= Short text fragments from websites =
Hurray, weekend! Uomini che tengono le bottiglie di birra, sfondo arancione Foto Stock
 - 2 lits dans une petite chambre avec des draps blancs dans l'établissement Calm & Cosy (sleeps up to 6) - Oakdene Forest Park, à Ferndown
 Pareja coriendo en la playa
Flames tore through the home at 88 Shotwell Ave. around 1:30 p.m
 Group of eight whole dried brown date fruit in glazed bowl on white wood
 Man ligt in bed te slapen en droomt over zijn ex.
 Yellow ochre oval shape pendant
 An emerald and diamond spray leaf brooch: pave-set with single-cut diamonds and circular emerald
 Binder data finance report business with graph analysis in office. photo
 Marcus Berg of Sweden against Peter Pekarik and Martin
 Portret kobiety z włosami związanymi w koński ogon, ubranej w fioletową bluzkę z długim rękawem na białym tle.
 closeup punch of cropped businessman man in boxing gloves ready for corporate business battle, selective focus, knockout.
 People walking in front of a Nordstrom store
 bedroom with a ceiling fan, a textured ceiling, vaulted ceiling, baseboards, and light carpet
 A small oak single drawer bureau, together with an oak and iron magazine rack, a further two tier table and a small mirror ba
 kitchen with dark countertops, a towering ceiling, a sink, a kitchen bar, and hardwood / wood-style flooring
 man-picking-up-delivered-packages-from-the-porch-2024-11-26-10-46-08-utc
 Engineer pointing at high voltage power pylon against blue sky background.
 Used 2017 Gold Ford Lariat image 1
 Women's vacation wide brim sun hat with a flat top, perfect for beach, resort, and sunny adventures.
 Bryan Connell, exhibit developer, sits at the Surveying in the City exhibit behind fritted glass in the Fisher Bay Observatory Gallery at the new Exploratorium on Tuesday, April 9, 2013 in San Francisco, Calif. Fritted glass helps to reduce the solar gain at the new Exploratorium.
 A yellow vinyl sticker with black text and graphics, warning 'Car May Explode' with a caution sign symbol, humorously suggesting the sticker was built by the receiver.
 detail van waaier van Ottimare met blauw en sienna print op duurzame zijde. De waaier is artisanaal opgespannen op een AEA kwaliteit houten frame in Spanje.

= Exercise aim =
All the lines above need to be retyped exactly, with nothing left out.

= Answer to this task =
Hurray, weekend! Uomini che tengono le bottiglie di birra, sfondo arancione Foto Stock
 - 2 lits dans une petite chambre avec des draps blancs dans l'établissement Calm & Cosy (sleeps up to 6) - Oakdene Forest Park, à Ferndown
 Pareja coriendo en la playa
Flames tore through the home at 88 Shotwell Ave. around 1:30 p.m
 Group of eight whole dried brown date fruit in glazed bowl on white wood
 Man ligt in bed te slapen en droomt over zijn ex.
 Yellow ochre oval shape pendant
 An emerald and diamond spray leaf brooch: pave-set with single-cut diamonds and circular emerald
 Binder data finance report business with graph analysis in office. photo
 Marcus Berg of Sweden against Peter Pekarik and Martin
 Portret kobiety z włosami związanymi w koński ogon, ubranej w fioletową bluzkę z długim rękawem na białym tle.
 closeup punch of cropped businessman man in boxing gloves ready for corporate business battle, selective focus, knockout.
 People walking in front of a Nordstrom store
 bedroom with a ceiling fan, a textured ceiling, vaulted ceiling, baseboards, and light carpet
 A small oak single drawer bureau, together with an oak and iron magazine rack, a further two tier table and a small mirror ba
 kitchen with dark countertops, a towering ceiling, a sink, a kitchen bar, and hardwood / wood-style flooring
 man-picking-up-delivered-packages-from-the-porch-2024-11-26-10-46-08-utc
 Engineer pointing at high voltage power pylon against blue sky background.
 Used 2017 Gold Ford Lariat image 1
 Women's vacation wide brim sun hat with a flat top, perfect for beach, resort, and sunny adventures.
 Bryan Connell, exhibit developer, sits at the Surveying in the City exhibit behind fritted glass in the Fisher Bay Observatory Gallery at the new Exploratorium on Tuesday, April 9, 2013 in San Francisco, Calif. Fritted glass helps to reduce the solar gain at the new Exploratorium.
 A yellow vinyl sticker with black text and graphics, warning 'Car May Explode' with a caution sign symbol, humorously suggesting the sticker was built by the receiver.
 detail van waaier van Ottimare met blauw en sienna print op duurzame zijde. De waaier is artisanaal opgespannen op een AEA kwaliteit houten frame in Spanje.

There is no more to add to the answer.